Over the last year I’ve been trying to understand why GPG isn’t popular. Based on the features I think it’s a pretty valid thing. This article changed my mind.

Turns out GPG is too old ¯_(ツ)_/¯

I like signing my commits, it feels good to know that my identity is actually attached to my code. So I put in some work to reconfigure git to use a different signing tool, I didn’t think it would be such a big deal, turns out git fully intergrates GPG. I’m confused. Why does git need to be hardcoded to use GPG specifically?

What rule says we can’t have git configs like:

[sigining]
  defaultMethod=minisign

[signing.minisign]
  always=true
  signCommand=minisign -S -s {secret-key-file} -x {sig-file-name} -m {target-file}
  verifyCommand=minisign -V -P {public-key-file} -m {target-file}

Where the verifyCommand exits 0 if the signature is good and 1 if not.

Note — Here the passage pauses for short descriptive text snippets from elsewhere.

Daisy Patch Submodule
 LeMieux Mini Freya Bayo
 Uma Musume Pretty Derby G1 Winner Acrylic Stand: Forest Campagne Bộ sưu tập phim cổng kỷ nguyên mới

I’m open to hearing cons. These are some I can think of:

  • User’s have to configure git with each signing and verifying program
  • Upstream security conserns from signing programs
  • Signing programs changing their interfaces
  • The article that changed your mind really shouldn’t have. It’s mostly full of hyperbole. Like this:

    “PGP does a mediocre job of signing things, a relatively poor job of encrypting them with passwords, and a pretty bad job of encrypting them with public keys. PGP is not an especially good way to securely transfer a file. It’s a clunky way to sign packages. It’s not great at protecting backups. It’s a downright dangerous way to converse in secure messages.”

    Literally none of this is true - the author is presenting their particular opinions as general fact. I use AES through PGP, knowing that even future quantum computers can’t break it.

    I wish they’d cut out all the 90’s references and pointless exaggerations, and stuck to facts. Then again, the facts-only version of this article probably wouldn’t make a strong case against PGP.

    (Also, one of the links in the article, with the dodgy-and-harmful link text “Full disk encryption isn’t great”, includes advice to use PGP in it. Maybe the author should have read the references they were citing.)